===== Dataset excerpt =====

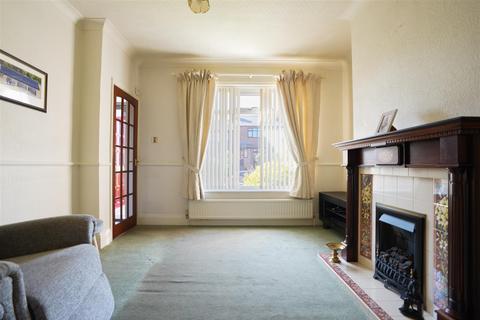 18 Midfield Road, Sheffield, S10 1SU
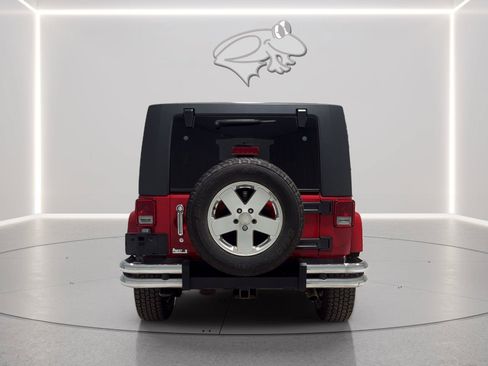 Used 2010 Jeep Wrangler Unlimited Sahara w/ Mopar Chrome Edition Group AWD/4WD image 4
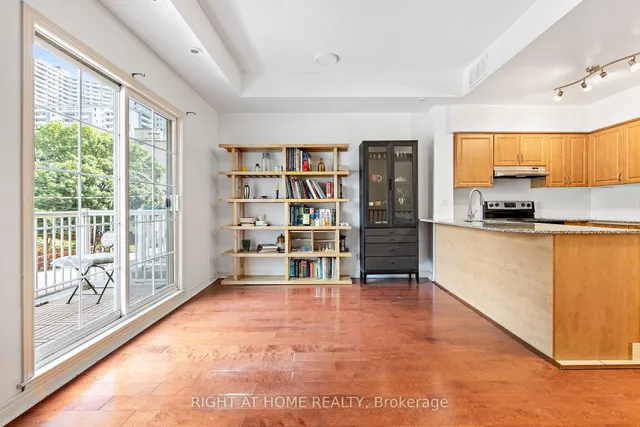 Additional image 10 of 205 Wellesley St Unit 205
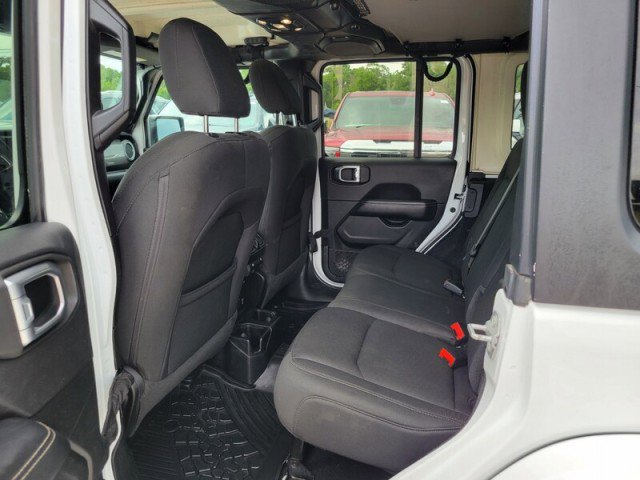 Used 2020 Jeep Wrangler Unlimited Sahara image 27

=====

[How to complete this task] Output the whole listing exactly. Pictures stay out.

[Reply]
 18 Midfield Road, Sheffield, S10 1SU
 Used 2010 Jeep Wrangler Unlimited Sahara w/ Mopar Chrome Edition Group AWD/4WD image 4
 Additional image 10 of 205 Wellesley St Unit 205
 Used 2020 Jeep Wrangler Unlimited Sahara image 27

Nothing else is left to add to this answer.